> Exercise details: Copy the material below verbatim from the line with "Witte Butterflies Bedrukte Rugzak (Links)" to the line with "Mount Evelyn Veterinary", both lines included, omitting pictures and every line outside that range.

START Provided records

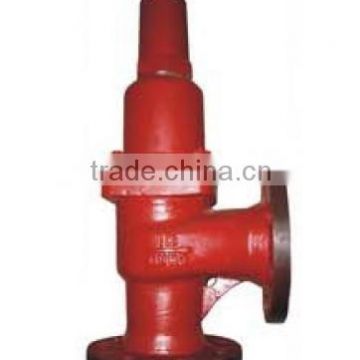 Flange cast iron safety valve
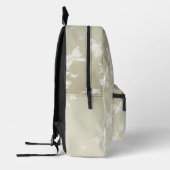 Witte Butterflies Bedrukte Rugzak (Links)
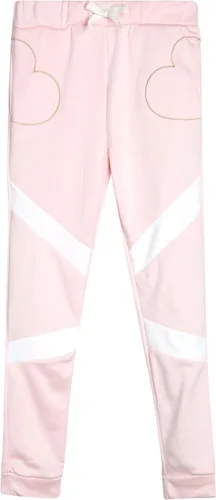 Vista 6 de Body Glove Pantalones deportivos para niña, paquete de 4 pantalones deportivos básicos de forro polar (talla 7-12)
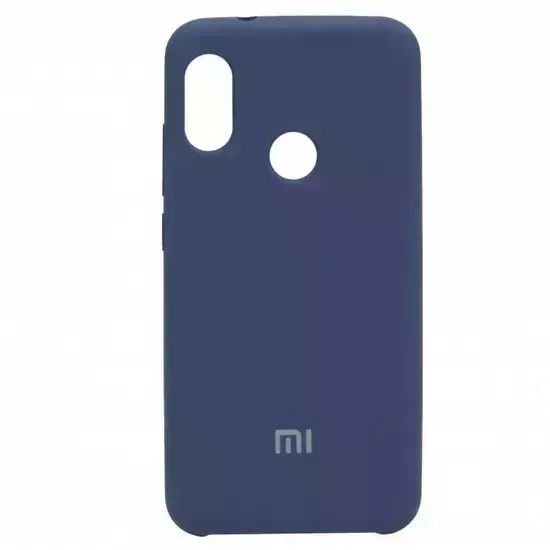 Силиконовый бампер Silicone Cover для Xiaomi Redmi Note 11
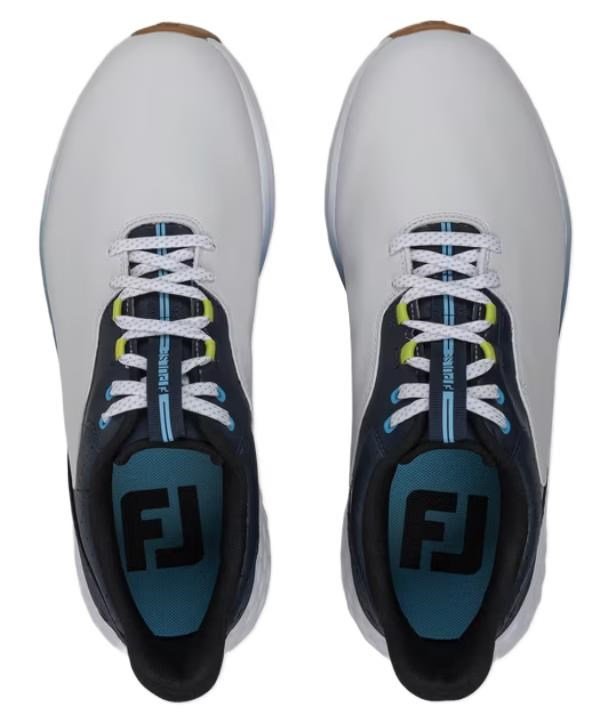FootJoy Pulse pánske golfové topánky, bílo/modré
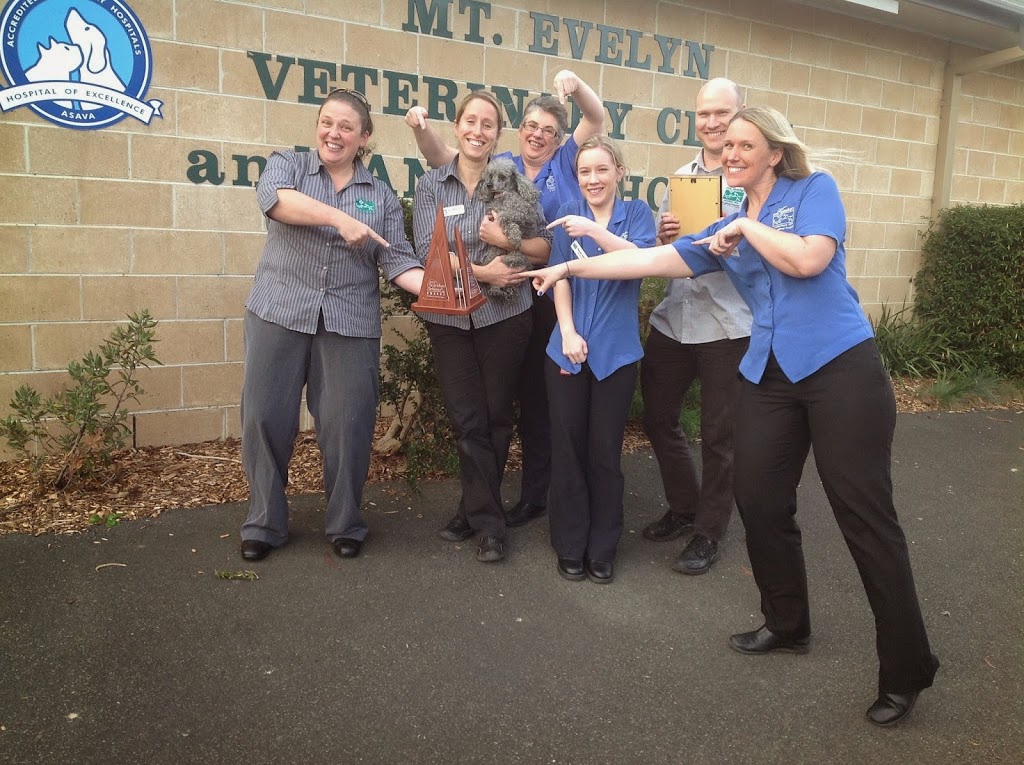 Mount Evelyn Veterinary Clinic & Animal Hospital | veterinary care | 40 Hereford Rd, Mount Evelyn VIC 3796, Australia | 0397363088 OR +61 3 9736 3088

END Provided records
START Provided records

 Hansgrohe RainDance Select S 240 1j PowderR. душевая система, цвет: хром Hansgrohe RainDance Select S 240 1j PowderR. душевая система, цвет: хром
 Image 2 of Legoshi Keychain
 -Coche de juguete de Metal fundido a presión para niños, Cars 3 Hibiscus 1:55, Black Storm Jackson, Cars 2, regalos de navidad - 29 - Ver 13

END Provided records

> Written solution:
 Witte Butterflies Bedrukte Rugzak (Links)
 Vista 6 de Body Glove Pantalones deportivos para niña, paquete de 4 pantalones deportivos básicos de forro polar (talla 7-12)
 Силиконовый бампер Silicone Cover для Xiaomi Redmi Note 11
FootJoy Pulse pánske golfové topánky, bílo/modré
 Mount Evelyn Veterinary Clinic & Animal Hospital | veterinary care | 40 Hereford Rd, Mount Evelyn VIC 3796, Australia | 0397363088 OR +61 3 9736 3088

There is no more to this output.